§ **WHAT THIS TASK INVOLVES**: Give back an exact copy of the lines in the records below, from the line that has "nişan şokoladı: Ağ" through the line that has "The Boatneck Layering Tee in Utility Rib", and nothing besides.

§ **ENTRIES SHOWN**:
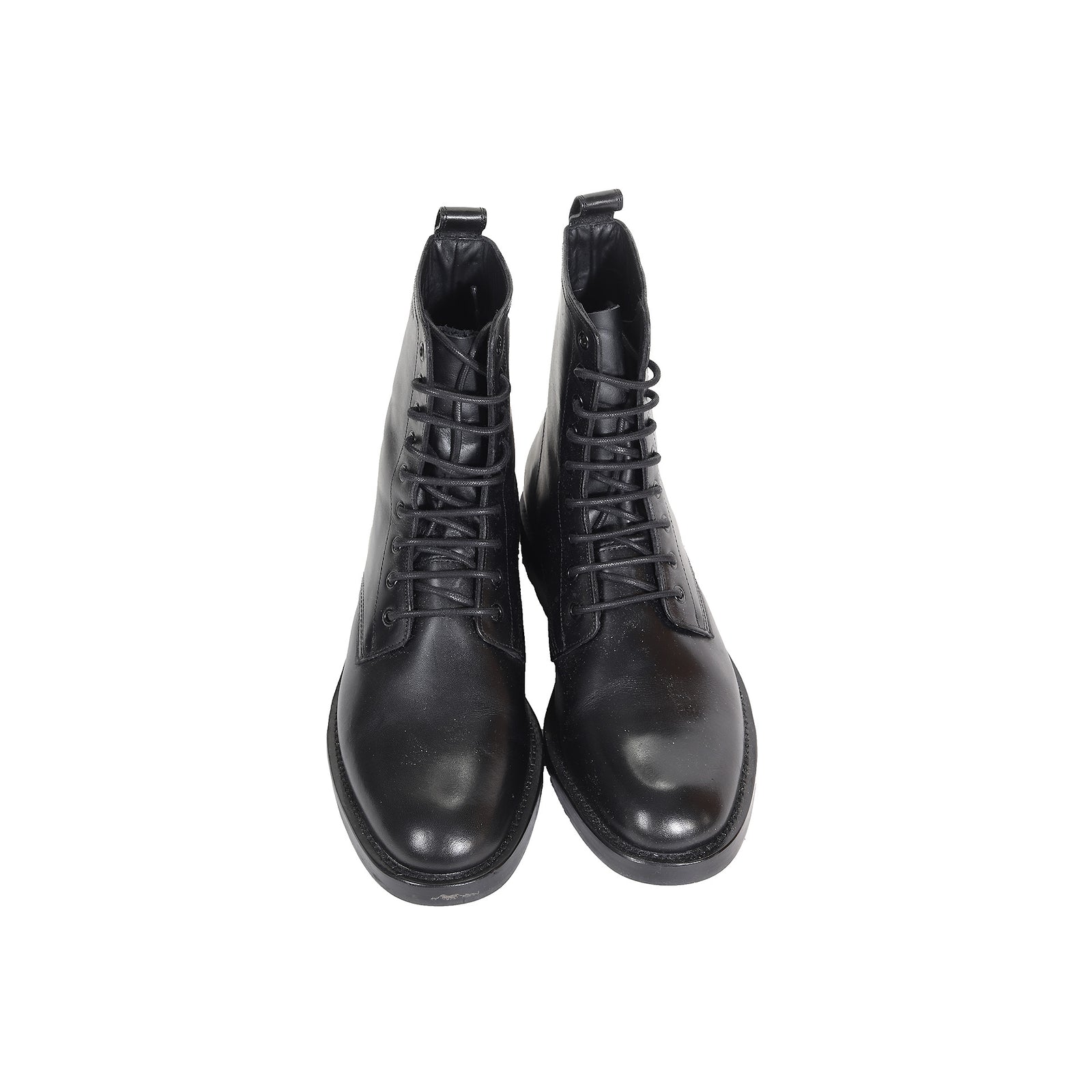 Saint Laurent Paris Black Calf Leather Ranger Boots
...
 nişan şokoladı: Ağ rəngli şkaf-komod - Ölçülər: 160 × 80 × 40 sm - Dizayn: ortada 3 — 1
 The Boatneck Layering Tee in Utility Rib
==
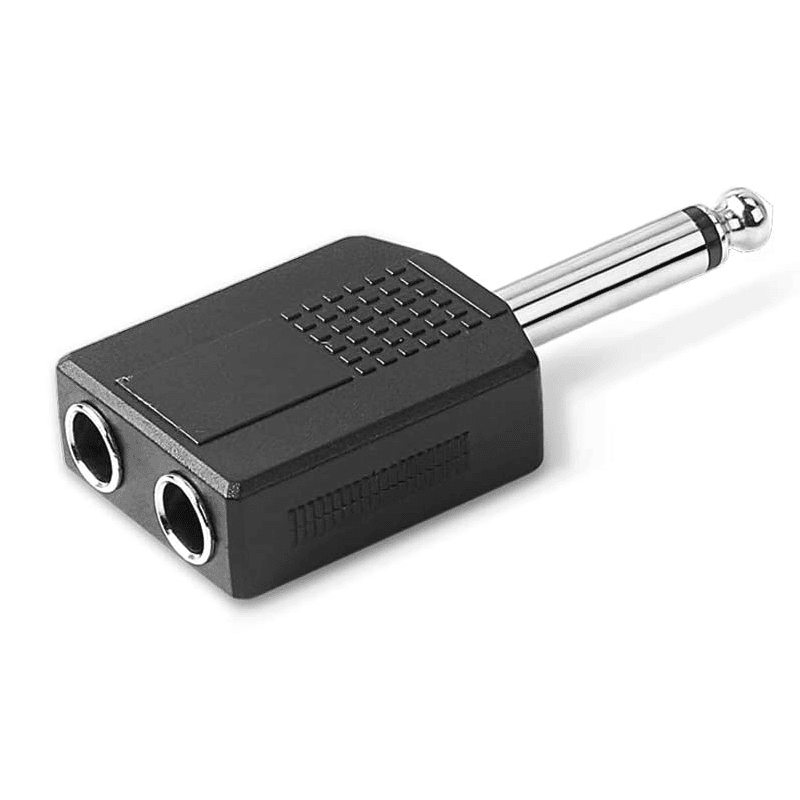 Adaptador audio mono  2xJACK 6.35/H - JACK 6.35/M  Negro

§ **ANSWER BELOW**:
 nişan şokoladı: Ağ rəngli şkaf-komod - Ölçülər: 160 × 80 × 40 sm - Dizayn: ortada 3 — 1
 The Boatneck Layering Tee in Utility Rib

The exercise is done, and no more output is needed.